_EXERCISE DETAILS_.
Two lines mark the range in the entries below: the one holding "Determination of body weight" and the one holding "Stop ai virus". Set down those two and all lines between them, exactly.

_Source data_.
>>

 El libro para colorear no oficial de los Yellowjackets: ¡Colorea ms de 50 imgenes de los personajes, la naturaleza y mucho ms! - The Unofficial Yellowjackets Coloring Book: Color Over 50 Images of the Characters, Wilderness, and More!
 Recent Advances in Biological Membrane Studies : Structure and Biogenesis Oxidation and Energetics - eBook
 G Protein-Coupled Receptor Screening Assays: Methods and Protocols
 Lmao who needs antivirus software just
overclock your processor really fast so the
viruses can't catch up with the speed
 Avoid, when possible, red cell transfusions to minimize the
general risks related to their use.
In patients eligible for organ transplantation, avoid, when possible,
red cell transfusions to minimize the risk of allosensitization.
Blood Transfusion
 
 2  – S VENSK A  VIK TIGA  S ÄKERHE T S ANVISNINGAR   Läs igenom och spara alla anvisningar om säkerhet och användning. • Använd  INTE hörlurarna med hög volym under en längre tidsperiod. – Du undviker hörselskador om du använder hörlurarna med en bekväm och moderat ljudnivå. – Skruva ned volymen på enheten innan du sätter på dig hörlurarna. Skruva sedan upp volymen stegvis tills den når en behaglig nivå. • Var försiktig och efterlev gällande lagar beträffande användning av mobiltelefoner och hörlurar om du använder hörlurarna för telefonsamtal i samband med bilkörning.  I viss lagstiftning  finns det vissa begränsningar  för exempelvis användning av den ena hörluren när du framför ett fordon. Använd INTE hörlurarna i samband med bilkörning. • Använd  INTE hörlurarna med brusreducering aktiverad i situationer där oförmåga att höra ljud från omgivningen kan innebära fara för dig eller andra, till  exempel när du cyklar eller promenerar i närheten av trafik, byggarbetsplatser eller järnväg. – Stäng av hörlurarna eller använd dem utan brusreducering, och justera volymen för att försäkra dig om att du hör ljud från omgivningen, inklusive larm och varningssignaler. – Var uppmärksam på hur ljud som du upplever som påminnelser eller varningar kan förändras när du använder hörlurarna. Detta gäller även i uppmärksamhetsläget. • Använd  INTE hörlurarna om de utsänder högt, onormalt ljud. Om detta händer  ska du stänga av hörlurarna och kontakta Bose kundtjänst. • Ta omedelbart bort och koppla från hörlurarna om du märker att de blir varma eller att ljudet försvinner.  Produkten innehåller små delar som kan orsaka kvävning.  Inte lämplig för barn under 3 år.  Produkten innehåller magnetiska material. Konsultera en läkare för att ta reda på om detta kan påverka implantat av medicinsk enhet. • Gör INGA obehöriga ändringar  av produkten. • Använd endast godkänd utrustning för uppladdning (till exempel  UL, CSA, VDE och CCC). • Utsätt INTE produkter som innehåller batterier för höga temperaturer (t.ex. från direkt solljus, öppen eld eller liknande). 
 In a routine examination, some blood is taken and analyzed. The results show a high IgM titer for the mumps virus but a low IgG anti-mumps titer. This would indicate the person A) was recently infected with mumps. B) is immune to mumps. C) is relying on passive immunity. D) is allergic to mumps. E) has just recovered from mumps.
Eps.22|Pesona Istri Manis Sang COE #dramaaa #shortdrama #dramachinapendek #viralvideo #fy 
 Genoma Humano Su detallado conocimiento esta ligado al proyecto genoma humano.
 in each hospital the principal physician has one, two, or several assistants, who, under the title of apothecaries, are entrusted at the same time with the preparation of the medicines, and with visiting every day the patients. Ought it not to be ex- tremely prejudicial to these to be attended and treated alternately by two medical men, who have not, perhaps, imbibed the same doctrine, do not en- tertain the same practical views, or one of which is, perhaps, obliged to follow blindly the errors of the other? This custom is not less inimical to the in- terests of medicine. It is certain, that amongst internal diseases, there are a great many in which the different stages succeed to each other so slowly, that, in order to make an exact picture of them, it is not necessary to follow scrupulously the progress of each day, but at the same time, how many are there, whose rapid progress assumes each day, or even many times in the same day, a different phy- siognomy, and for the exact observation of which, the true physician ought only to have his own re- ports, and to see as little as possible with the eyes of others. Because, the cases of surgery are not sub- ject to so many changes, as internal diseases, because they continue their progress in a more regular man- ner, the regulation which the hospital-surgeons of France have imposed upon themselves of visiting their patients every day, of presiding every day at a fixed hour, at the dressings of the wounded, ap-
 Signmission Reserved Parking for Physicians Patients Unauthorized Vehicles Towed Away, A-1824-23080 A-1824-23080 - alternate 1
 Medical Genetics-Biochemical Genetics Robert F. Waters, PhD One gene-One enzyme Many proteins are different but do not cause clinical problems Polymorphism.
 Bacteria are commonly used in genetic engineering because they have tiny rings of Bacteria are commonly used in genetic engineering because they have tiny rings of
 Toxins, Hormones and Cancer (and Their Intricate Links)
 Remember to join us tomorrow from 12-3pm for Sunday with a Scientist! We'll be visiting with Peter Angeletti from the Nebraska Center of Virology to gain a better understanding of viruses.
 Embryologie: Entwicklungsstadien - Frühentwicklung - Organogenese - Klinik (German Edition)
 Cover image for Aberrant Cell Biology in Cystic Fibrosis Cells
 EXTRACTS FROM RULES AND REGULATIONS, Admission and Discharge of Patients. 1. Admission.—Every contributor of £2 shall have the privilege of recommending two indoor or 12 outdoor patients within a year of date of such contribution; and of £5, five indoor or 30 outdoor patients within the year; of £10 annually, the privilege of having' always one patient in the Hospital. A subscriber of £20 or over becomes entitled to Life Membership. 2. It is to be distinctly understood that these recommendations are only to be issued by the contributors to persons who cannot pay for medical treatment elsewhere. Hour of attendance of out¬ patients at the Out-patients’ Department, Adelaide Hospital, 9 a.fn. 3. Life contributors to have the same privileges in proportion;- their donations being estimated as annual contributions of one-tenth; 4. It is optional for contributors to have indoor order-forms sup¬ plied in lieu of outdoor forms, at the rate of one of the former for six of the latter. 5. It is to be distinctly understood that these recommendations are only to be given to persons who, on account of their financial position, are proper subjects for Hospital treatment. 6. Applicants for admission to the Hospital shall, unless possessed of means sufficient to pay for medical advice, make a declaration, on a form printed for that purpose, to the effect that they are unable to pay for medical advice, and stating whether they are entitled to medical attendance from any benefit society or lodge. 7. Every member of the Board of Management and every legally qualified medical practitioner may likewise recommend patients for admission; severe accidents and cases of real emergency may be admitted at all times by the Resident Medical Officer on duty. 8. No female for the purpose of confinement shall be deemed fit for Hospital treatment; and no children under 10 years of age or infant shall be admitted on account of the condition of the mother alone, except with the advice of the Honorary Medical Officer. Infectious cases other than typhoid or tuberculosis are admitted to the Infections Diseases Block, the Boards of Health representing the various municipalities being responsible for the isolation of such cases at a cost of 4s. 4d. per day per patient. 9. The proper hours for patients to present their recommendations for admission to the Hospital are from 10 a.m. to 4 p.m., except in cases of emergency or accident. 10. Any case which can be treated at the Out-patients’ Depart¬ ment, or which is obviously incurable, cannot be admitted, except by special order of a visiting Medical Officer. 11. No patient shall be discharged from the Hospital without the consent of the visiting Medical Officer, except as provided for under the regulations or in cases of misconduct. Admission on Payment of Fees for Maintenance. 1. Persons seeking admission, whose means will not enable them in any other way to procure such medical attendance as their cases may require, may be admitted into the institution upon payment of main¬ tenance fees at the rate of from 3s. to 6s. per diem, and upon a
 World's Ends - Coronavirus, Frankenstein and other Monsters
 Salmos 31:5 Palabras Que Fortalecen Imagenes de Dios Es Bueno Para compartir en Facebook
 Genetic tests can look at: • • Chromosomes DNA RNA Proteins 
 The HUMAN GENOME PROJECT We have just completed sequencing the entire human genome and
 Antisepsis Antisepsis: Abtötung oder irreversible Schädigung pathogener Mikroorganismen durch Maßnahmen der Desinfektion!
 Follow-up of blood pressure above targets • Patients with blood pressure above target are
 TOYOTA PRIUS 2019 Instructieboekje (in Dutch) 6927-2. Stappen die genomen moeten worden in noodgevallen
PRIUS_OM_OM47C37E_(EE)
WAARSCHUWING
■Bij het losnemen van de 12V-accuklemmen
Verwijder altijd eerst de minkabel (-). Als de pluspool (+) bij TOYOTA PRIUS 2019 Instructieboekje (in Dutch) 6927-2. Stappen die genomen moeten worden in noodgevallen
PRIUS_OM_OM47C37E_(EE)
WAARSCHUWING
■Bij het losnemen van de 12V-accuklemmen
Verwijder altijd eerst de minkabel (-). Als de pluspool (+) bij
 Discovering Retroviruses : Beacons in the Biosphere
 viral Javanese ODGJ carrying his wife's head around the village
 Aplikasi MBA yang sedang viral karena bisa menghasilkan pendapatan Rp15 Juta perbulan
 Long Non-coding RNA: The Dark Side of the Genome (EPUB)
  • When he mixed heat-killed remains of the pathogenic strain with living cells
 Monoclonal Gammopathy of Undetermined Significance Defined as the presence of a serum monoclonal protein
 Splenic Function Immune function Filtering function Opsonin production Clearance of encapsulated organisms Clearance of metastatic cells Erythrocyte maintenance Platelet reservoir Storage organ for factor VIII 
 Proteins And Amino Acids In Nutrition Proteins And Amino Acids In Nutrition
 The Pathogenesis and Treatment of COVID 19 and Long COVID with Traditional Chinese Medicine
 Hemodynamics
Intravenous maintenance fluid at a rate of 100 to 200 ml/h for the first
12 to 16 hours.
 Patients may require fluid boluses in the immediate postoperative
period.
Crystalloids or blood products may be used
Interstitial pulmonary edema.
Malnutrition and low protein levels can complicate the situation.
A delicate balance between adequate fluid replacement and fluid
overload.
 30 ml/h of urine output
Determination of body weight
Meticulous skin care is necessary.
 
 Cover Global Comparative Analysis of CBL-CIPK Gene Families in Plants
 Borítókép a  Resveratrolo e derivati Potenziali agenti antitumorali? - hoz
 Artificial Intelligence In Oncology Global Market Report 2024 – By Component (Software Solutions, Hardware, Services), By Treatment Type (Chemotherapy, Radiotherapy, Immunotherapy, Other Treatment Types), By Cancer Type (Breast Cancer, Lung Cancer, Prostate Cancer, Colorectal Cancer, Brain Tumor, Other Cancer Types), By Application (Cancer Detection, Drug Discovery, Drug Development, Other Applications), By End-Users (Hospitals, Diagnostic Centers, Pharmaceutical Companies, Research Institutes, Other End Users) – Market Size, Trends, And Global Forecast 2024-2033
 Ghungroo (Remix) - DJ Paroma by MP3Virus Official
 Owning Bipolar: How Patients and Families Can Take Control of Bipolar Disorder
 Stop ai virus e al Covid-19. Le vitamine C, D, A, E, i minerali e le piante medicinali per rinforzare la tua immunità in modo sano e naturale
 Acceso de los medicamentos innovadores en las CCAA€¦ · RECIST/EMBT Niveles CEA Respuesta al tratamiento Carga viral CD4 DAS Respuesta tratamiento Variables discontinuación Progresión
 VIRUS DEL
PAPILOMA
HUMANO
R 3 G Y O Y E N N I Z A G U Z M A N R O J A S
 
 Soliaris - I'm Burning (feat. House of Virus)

<<

_RESPONSE TO THE EXERCISE_.
Determination of body weight
Meticulous skin care is necessary.
 
 Cover Global Comparative Analysis of CBL-CIPK Gene Families in Plants
 Borítókép a  Resveratrolo e derivati Potenziali agenti antitumorali? - hoz
 Artificial Intelligence In Oncology Global Market Report 2024 – By Component (Software Solutions, Hardware, Services), By Treatment Type (Chemotherapy, Radiotherapy, Immunotherapy, Other Treatment Types), By Cancer Type (Breast Cancer, Lung Cancer, Prostate Cancer, Colorectal Cancer, Brain Tumor, Other Cancer Types), By Application (Cancer Detection, Drug Discovery, Drug Development, Other Applications), By End-Users (Hospitals, Diagnostic Centers, Pharmaceutical Companies, Research Institutes, Other End Users) – Market Size, Trends, And Global Forecast 2024-2033
 Ghungroo (Remix) - DJ Paroma by MP3Virus Official
 Owning Bipolar: How Patients and Families Can Take Control of Bipolar Disorder
 Stop ai virus e al Covid-19. Le vitamine C, D, A, E, i minerali e le piante medicinali per rinforzare la tua immunità in modo sano e naturale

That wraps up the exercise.